> Collected material:
%%

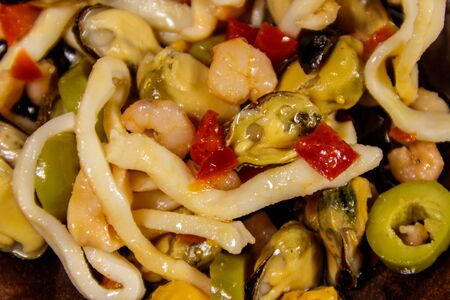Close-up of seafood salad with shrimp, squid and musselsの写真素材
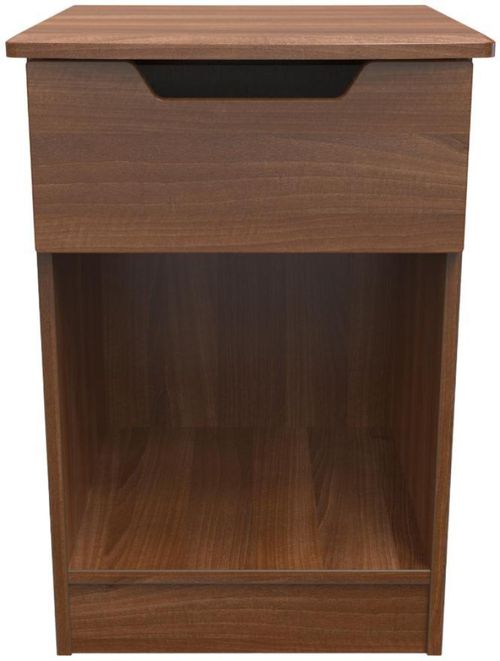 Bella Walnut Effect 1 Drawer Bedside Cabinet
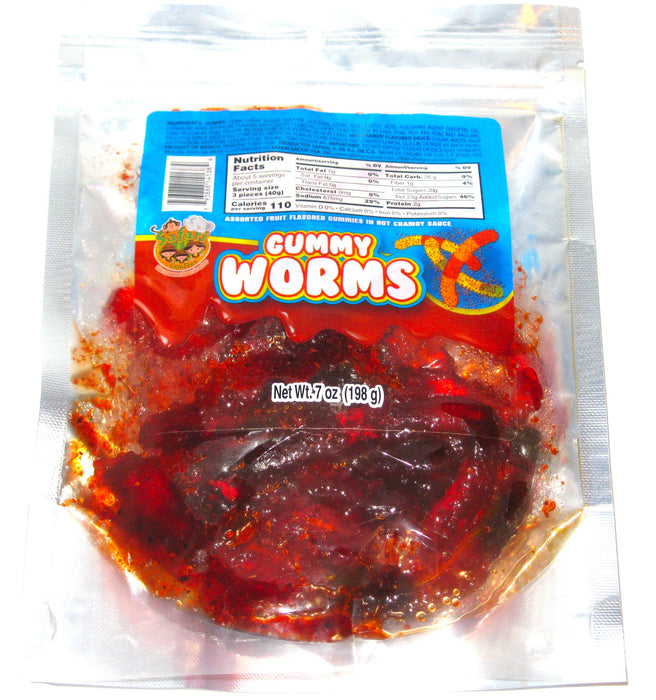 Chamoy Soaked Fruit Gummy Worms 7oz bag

%%

> About this task: Reproduce every line above as written, skipping pictures.

> Worked solution:
Close-up of seafood salad with shrimp, squid and musselsの写真素材
 Bella Walnut Effect 1 Drawer Bedside Cabinet
 Chamoy Soaked Fruit Gummy Worms 7oz bag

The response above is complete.